#### Recorded information ####

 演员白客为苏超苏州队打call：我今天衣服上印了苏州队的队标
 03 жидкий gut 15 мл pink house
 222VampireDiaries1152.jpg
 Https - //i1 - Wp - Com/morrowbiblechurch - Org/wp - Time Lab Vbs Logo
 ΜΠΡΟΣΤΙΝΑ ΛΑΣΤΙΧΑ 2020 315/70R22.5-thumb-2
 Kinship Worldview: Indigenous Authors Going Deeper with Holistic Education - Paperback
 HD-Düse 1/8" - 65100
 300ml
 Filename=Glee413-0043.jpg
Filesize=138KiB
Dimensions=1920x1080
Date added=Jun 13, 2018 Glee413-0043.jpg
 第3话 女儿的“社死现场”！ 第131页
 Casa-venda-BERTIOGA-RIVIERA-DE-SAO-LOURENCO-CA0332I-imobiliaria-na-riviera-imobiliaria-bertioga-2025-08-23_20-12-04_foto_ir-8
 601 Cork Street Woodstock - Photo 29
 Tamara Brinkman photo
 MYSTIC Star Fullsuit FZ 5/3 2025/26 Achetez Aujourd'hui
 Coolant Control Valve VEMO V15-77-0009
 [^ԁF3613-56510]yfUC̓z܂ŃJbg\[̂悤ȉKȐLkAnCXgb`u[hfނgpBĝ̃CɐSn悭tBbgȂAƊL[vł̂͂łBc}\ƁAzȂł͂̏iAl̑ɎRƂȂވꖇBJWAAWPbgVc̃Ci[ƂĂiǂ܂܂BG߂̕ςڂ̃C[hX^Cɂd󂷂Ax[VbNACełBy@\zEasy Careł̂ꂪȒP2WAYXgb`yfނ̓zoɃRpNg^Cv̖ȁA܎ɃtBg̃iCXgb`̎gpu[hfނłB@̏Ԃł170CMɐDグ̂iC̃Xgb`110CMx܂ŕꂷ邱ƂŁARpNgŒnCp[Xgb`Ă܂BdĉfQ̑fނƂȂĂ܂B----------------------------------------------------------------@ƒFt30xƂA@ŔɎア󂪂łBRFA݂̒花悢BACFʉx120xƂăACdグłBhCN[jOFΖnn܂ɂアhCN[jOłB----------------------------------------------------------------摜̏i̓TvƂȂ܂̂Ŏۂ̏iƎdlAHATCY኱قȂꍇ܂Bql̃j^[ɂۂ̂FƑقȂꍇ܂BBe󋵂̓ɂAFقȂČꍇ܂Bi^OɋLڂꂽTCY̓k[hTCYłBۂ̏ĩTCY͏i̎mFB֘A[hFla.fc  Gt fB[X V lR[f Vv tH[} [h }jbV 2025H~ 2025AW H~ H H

####

**Problem to solve:** Write out the data exactly as it stands.

**Task answer:**
 演员白客为苏超苏州队打call：我今天衣服上印了苏州队的队标
 03 жидкий gut 15 мл pink house
 222VampireDiaries1152.jpg
 Https - //i1 - Wp - Com/morrowbiblechurch - Org/wp - Time Lab Vbs Logo
 ΜΠΡΟΣΤΙΝΑ ΛΑΣΤΙΧΑ 2020 315/70R22.5-thumb-2
 Kinship Worldview: Indigenous Authors Going Deeper with Holistic Education - Paperback
 HD-Düse 1/8" - 65100
 300ml
 Filename=Glee413-0043.jpg
Filesize=138KiB
Dimensions=1920x1080
Date added=Jun 13, 2018 Glee413-0043.jpg
 第3话 女儿的“社死现场”！ 第131页
 Casa-venda-BERTIOGA-RIVIERA-DE-SAO-LOURENCO-CA0332I-imobiliaria-na-riviera-imobiliaria-bertioga-2025-08-23_20-12-04_foto_ir-8
 601 Cork Street Woodstock - Photo 29
 Tamara Brinkman photo
 MYSTIC Star Fullsuit FZ 5/3 2025/26 Achetez Aujourd'hui
 Coolant Control Valve VEMO V15-77-0009
 [^ԁF3613-56510]yfUC̓z܂ŃJbg\[̂悤ȉKȐLkAnCXgb`u[hfނgpBĝ̃CɐSn悭tBbgȂAƊL[vł̂͂łBc}\ƁAzȂł͂̏iAl̑ɎRƂȂވꖇBJWAAWPbgVc̃Ci[ƂĂiǂ܂܂BG߂̕ςڂ̃C[hX^Cɂd󂷂Ax[VbNACełBy@\zEasy Careł̂ꂪȒP2WAYXgb`yfނ̓zoɃRpNg^Cv̖ȁA܎ɃtBg̃iCXgb`̎gpu[hfނłB@̏Ԃł170CMɐDグ̂iC̃Xgb`110CMx܂ŕꂷ邱ƂŁARpNgŒnCp[Xgb`Ă܂BdĉfQ̑fނƂȂĂ܂B----------------------------------------------------------------@ƒFt30xƂA@ŔɎア󂪂łBRFA݂̒花悢BACFʉx120xƂăACdグłBhCN[jOFΖnn܂ɂアhCN[jOłB----------------------------------------------------------------摜̏i̓TvƂȂ܂̂Ŏۂ̏iƎdlAHATCY኱قȂꍇ܂Bql̃j^[ɂۂ̂FƑقȂꍇ܂BBe󋵂̓ɂAFقȂČꍇ܂Bi^OɋLڂꂽTCY̓k[hTCYłBۂ̏ĩTCY͏i̎mFB֘A[hFla.fc  Gt fB[X V lR[f Vv tH[} [h }jbV 2025H~ 2025AW H~ H H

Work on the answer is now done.